In einem philosophischen Gespräch lässt der Vice President und Service Director Socrates, Vitruvius und Athena auftreten und sie über SOA diskuieren. Fazit: Eigentlich eine Supersache, aber… Bereits Ende 2007 erklärte Howard im Interview mit silicon.de: “In den Großkonzernen ist die Umsetzung nicht so schnell vorangeschritten, wie wir das erwartet haben. Wir haben außerdem festgestellt, dass der Großteil der SOA-Projekte in die Hose geht. Das ist wahrscheinlich nicht gerade das, was der CIO hören will – aber es ist die Wahrheit.”
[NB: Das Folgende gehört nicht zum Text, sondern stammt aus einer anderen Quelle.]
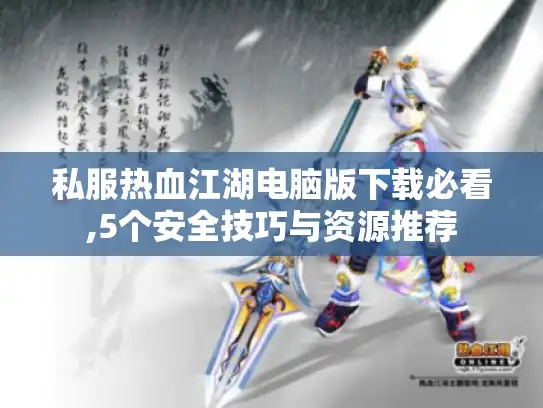 私服热血江湖电脑版下载必看,5个安全技巧与资源推荐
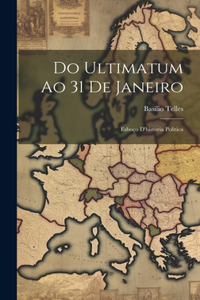 Do Ultimatum Ao 31 De Janeiro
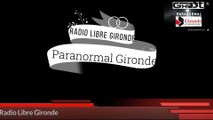 Radio Libre Gironde Paranormal Gironde émission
Howard machte auch gleich die Schuldigen für das Scheitern aus: “Neben der Technik gibt es viele Einflussfaktoren, die ein solches Projekt scheitern lassen können. In erster Linie sind das organisatorische Aspekte: SOA bringt einen dazu, die bislang vertikal verlaufenden Prozesse in einem Unternehmen zur Seite zu drehen und sich anzusehen, welche dieser Services man herausnehmen und mit anderen teilen könnte. Das ist zuallererst keine technische, sondern eine geschäftskritische Frage. Zwei oder mehr Abteilungen müssen sich darauf verständigen, die selben Services in Anspruch zu nehmen. Man kann sich nicht sicher sein, ob dieser eine Service wirklich in verschiedene Abteilungen passt. Und um die Skalierung hinzubekommen, müssen diese Abteilungen auch noch miteinander kooperieren, oder sich zumindest abstimmen. Oder nehmen Sie die Frage der Verantwortung: Wer bestimmt über Änderungen an einem verteilt genutzten Service? All diese verschiedenen Aspekte lassen SOA-Projekte oft scheitern.”

Doch von dieser Art Defätismus will Rüdiger Spies, Independant Vice President Enterprise Applications bei IDC in München, nichts wissen. Er hält Howard entgegen: “SOA ist lebendiger denn je!”. Im Folgenden drucken wir die Aussagen von Spies ungekürzt ab:

“In letzter Zeit wurden Stimmen laut die behaupten, dass die Rezession SOA einen Todesstoß versetzt habe. Man könnte auf Grund dieser Aussage meinen, dass alle Anstrengungen und Investitionen in das Thema Serviceorientierte Architekturen (SOA) umsonst gewesen seien. Nichts in Bezug auf SOA ist weiter von der Wahrheit entfernt als diese Aussage!